For more background, see thread  Penguin: The Ship In Distress.

The set printed by Roy Palmer is copied in DT file  SHIP IN DISTRESS. Unfortunately, the source is not credited: the tune was noted by George Butterworth from Mr H Akhurst at Lower Beeding, Sussex, June 1907; while the text was, according to Butterworth, "noted in Shropshire" (Journal of the Folk-Song Society, IV (17) 1913, 320-321; he gave no further details).

Penguin is now available in a revised and expanded form, as Classic English Folk Songs. It can be ordered from the publishers, The English Folk Dance and Song Society.
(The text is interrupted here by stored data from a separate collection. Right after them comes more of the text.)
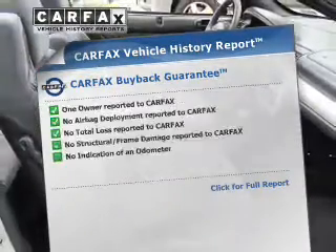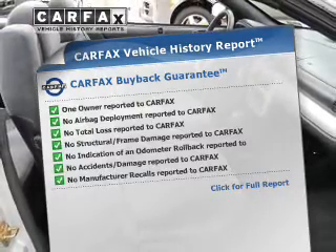Know the history on this ride and greatly reduce your buying risk with the included Carfax Vehicle History Report.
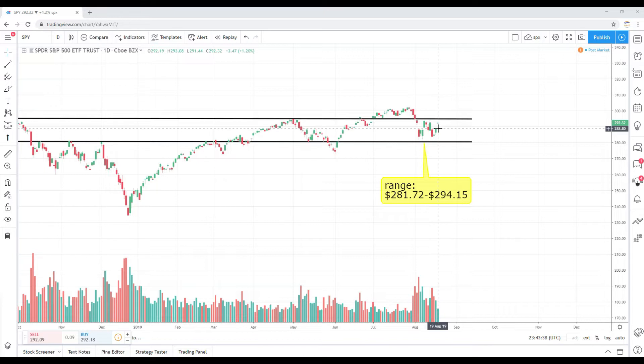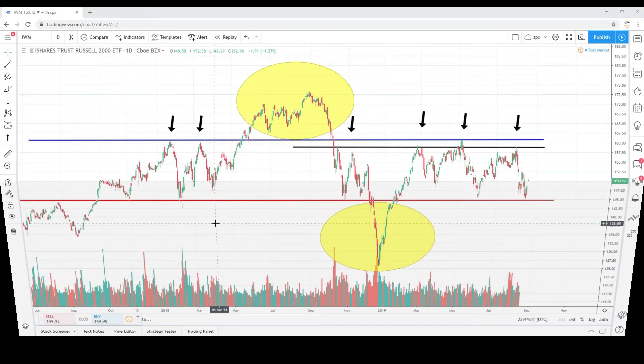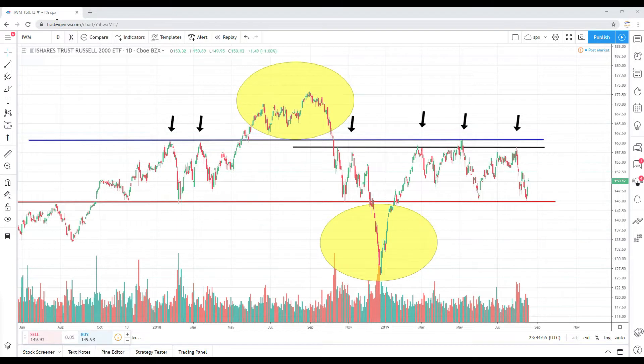The levels I'm paying attention to heading into this week — and potentially into Q4 — remain resistance of 293 to 295. Since the pullback, we have not gotten above that level in any meaningful way. We did get to 294.15 but pulled back again. For me, the key is to get above 295 with decent volume and hold it as the new floor. If that occurs, I'll conclude the market wants to trend higher, and I'll likely let go of my shorts. Yes, I am still short the market. Until we crack 293 to 295 with substantial volume, I'm still leaning bearish.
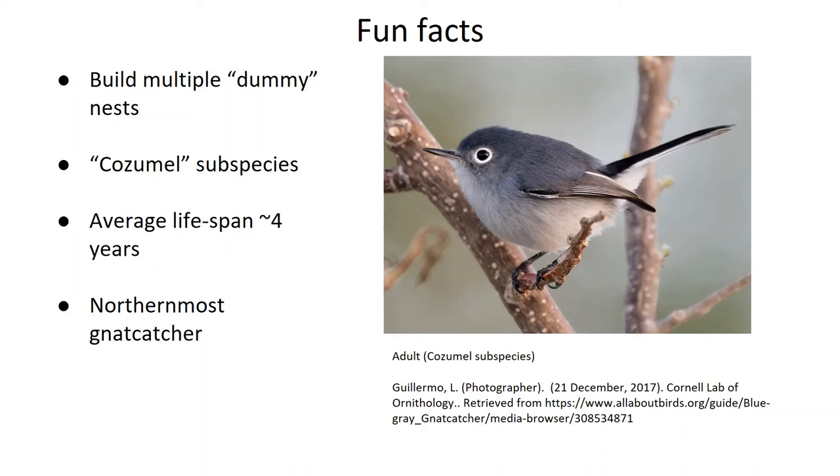There's also a subspecies found on the island of Cozumel, Mexico, pictured above, being much more subtly and darkly colored than its mainland relatives. You can see it's got a much brighter eye ring. Also, according to Professor Roof of the University of Michigan's Museum of Zoology, bird banding data has estimated their average lifespan to be around 50 months, or about four years and two months.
There is also a small suite of web pages providing additional materials; these include what I think is the only full transcription of the broadside available anywhere online:

Classic English Folk Songs: Supplementary Material.

A few small details of your transcription are probably mis-hearings; other changes are presumably down to Martin's memory. I'll know when I hear the recording.